■ **Records for processing**:
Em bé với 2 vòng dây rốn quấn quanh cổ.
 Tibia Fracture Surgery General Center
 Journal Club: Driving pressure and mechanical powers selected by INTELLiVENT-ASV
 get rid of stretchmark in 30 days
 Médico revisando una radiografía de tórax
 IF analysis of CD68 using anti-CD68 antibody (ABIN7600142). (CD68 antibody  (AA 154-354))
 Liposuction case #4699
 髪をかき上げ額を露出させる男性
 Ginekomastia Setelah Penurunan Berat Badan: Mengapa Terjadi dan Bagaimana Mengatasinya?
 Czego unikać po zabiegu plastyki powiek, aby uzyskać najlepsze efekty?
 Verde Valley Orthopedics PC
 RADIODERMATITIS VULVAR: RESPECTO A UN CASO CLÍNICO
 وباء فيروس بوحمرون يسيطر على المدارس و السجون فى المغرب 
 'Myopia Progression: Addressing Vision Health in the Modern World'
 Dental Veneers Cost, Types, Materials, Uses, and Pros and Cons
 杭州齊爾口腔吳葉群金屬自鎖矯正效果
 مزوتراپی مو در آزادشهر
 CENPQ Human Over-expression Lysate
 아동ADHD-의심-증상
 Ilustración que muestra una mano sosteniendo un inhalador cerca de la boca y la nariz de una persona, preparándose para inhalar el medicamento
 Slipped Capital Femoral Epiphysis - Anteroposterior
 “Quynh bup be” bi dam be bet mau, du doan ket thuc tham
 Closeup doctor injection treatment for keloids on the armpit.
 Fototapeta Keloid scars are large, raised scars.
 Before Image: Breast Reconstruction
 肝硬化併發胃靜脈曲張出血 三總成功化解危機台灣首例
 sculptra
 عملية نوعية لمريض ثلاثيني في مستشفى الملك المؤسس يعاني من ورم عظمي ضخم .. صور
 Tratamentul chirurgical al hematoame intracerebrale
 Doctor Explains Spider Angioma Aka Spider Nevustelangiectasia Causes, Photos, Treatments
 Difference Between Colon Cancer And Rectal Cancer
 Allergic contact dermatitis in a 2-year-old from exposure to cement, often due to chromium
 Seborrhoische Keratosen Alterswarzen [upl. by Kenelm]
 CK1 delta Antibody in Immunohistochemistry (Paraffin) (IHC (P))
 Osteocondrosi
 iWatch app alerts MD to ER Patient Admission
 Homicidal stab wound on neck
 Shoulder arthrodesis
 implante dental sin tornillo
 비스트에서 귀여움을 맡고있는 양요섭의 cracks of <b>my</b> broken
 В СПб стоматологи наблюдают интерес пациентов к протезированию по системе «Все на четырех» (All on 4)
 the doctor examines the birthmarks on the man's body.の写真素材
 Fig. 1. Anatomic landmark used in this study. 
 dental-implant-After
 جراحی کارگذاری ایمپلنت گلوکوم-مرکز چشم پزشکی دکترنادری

■ **Exercise details**: Please retype the data, matching it exactly.

■ **Solution**:
Em bé với 2 vòng dây rốn quấn quanh cổ.
 Tibia Fracture Surgery General Center
 Journal Club: Driving pressure and mechanical powers selected by INTELLiVENT-ASV
 get rid of stretchmark in 30 days
 Médico revisando una radiografía de tórax
 IF analysis of CD68 using anti-CD68 antibody (ABIN7600142). (CD68 antibody  (AA 154-354))
 Liposuction case #4699
 髪をかき上げ額を露出させる男性
 Ginekomastia Setelah Penurunan Berat Badan: Mengapa Terjadi dan Bagaimana Mengatasinya?
 Czego unikać po zabiegu plastyki powiek, aby uzyskać najlepsze efekty?
 Verde Valley Orthopedics PC
 RADIODERMATITIS VULVAR: RESPECTO A UN CASO CLÍNICO
 وباء فيروس بوحمرون يسيطر على المدارس و السجون فى المغرب 
 'Myopia Progression: Addressing Vision Health in the Modern World'
 Dental Veneers Cost, Types, Materials, Uses, and Pros and Cons
 杭州齊爾口腔吳葉群金屬自鎖矯正效果
 مزوتراپی مو در آزادشهر
 CENPQ Human Over-expression Lysate
 아동ADHD-의심-증상
 Ilustración que muestra una mano sosteniendo un inhalador cerca de la boca y la nariz de una persona, preparándose para inhalar el medicamento
 Slipped Capital Femoral Epiphysis - Anteroposterior
 “Quynh bup be” bi dam be bet mau, du doan ket thuc tham
 Closeup doctor injection treatment for keloids on the armpit.
 Fototapeta Keloid scars are large, raised scars.
 Before Image: Breast Reconstruction
 肝硬化併發胃靜脈曲張出血 三總成功化解危機台灣首例
 sculptra
 عملية نوعية لمريض ثلاثيني في مستشفى الملك المؤسس يعاني من ورم عظمي ضخم .. صور
 Tratamentul chirurgical al hematoame intracerebrale
 Doctor Explains Spider Angioma Aka Spider Nevustelangiectasia Causes, Photos, Treatments
 Difference Between Colon Cancer And Rectal Cancer
 Allergic contact dermatitis in a 2-year-old from exposure to cement, often due to chromium
 Seborrhoische Keratosen Alterswarzen [upl. by Kenelm]
 CK1 delta Antibody in Immunohistochemistry (Paraffin) (IHC (P))
 Osteocondrosi
 iWatch app alerts MD to ER Patient Admission
 Homicidal stab wound on neck
 Shoulder arthrodesis
 implante dental sin tornillo
 비스트에서 귀여움을 맡고있는 양요섭의 cracks of <b>my</b> broken
 В СПб стоматологи наблюдают интерес пациентов к протезированию по системе «Все на четырех» (All on 4)
 the doctor examines the birthmarks on the man's body.の写真素材
 Fig. 1. Anatomic landmark used in this study. 
 dental-implant-After
 جراحی کارگذاری ایمپلنت گلوکوم-مرکز چشم پزشکی دکترنادری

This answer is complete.